Spring break means party time!  And by party time, I mean unpaid overtime, preparing a schedule and lessons for an entire quarter, fielding frantic emails from students trying to negotiate on their grade from the previous quarter (and equally frantic students who want to take your class but didn’t register in time), as well as meetings, seminars, and other springtime fun activities.   If you’re very lucky, this time can also involve having lunch with some friends on a weekday, where you’ll hear how lucky you are to have an academic schedule with so much time off.

Who am I kidding?  I know I’ll find at least two days to binge watch Netflix and play Rocksmith.  I may even get through one of my creative projects.

Although it isn’t as much of a vacation for the teachers as it is for the students, I am looking forward to it.   There is a point in the quarter where students and teachers are under strain, final exams are looming, and a change of pace is very inviting.

Teaching is a high energy job, and breaks are necessary.

 

Coming next week:   Finals week playlist!

Teachable Moments

I’ve heard it said that every moment is a teachable moment.

Yeah, right.   Although one time I convinced a pair of proselytizers to read the Tao Te Ching.

Something that I find harder to deal with than another person’s ignorance is a persons unwillingness to examine their own evidence.   I realize that everyone has their own journey, and we have to make our own tools as we go along.   Teachers, parents, and others try to help smooth the path and offer up some alternate tools, ideas, and strategies for dealing with the world.   What isn’t always clear is whether those tools work for every situation.   Sometimes they are helpful, sometimes they are harmful.

Everyone can use some more tools.  I like the communities that question ideas, because it means that sooner or later bad ideas can be thrown out and replaced with better ones.   Surrounding yourself with like minded people may be comforting, but it doesn’t help with this process.

People are good at recognizing patterns, but they suck at statistics.

When someone hands you an idea (right or wrong) it is really easy for confirmation bias to creep in.   It feels good to have an answer.   This is why people think that horoscopes are true, or think that vaccines cause autism.   Having a bad day?   Mercury may be in retrograde.   Or you may be cursed.   Or fluoride in the water is making you feel sick.

When people spot a pattern, they look at things that confirm their hypotheses and often ignore things that go against their new found pattern.   Critical thinking isn’t easy.   Which is why people feel threatened when you tell them otherwise.

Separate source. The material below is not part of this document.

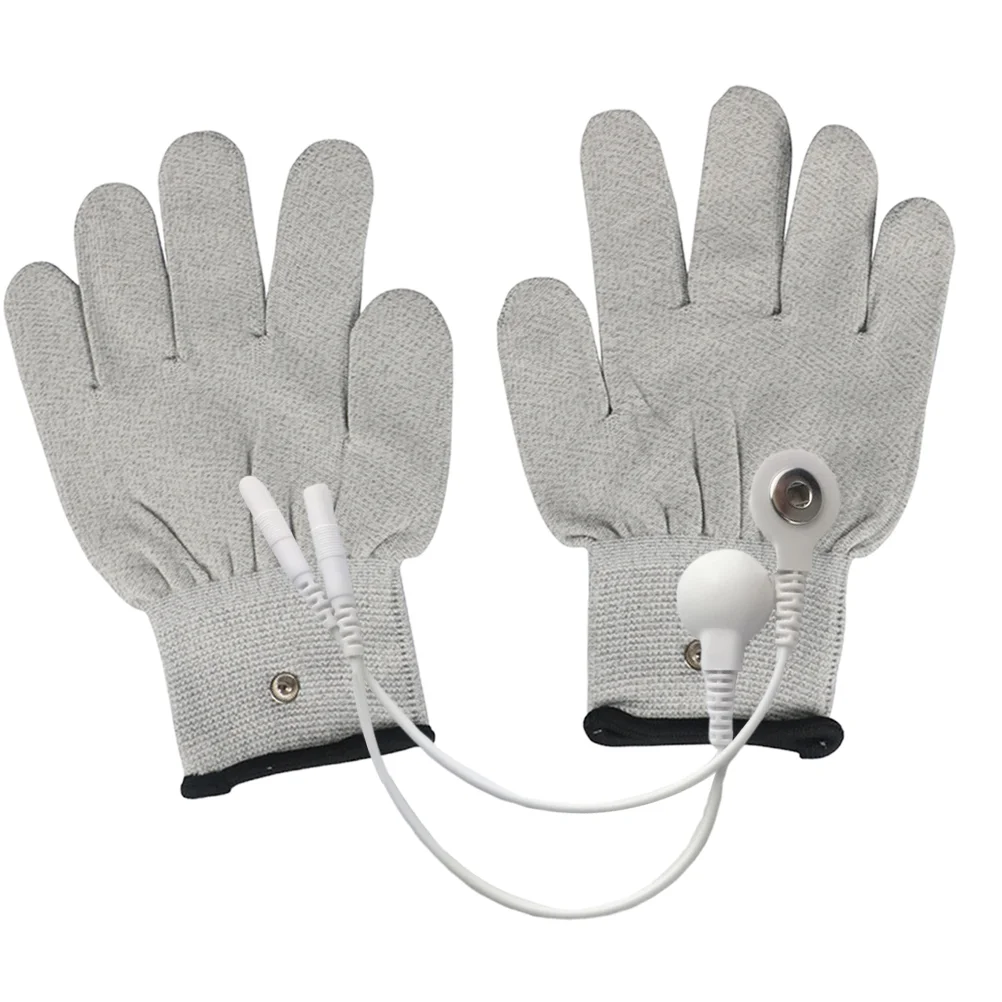 1 Pair White Silver Fiber Electric Therapy Gloves Electric Massage Therapy Accessory- Universal Cotton Massage Gloves With 2pcs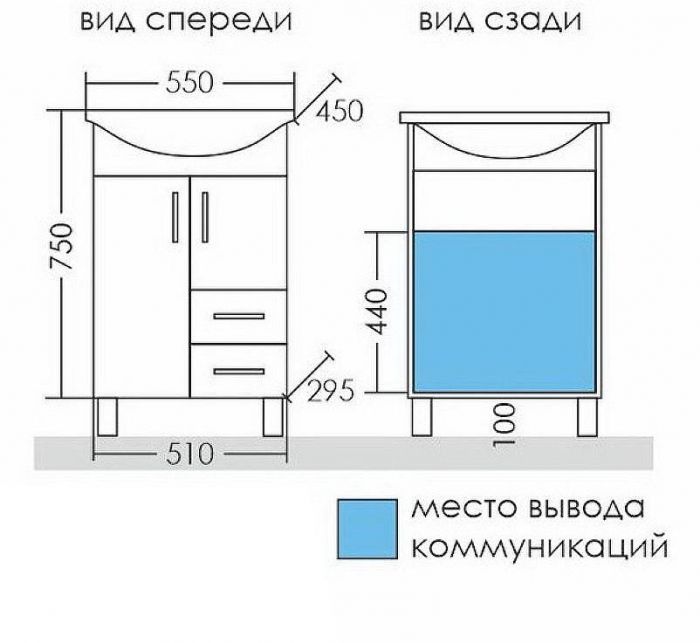 Тумба под раковину СанТа Стандарт 55 201088 Белая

How often to people change their minds?

So… back to teachable moments.  No matter what, you cannot change another person’s mind.   You can only lay the groundwork for them to change their own mind.  Also remember: fear talks louder than reason for most folks.   Acknowledging the fear is good, and it can open the door to reason.

One of the things that is necessary is to get them thinking.  As much as we may want to say “You’re wrong, here is why,” that isn’t productive.   “I’d be happy to talk about that,” is a statement that actually opens people up.   Talking with people can have unintended consequences.   I’ve had to reevaluate some of my own beliefs… and I wouldn’t have if I had talked at people than with people.

 Learning from mistakes

I have an odd juxtaposition.   In private, or in writing I find myself aggressively going after another persons ideas and beliefs.   I’m relentless and sarcastic.    When I’m arguing with the phantom idea, I am loaded with weapons-grade-snark.   In person, manners and civility reign.

It is okay to change what you believe.   No one is immune to bad ideas.   I look on it as weeding my own garden of thoughts… bad ones will choke good ones if you let them.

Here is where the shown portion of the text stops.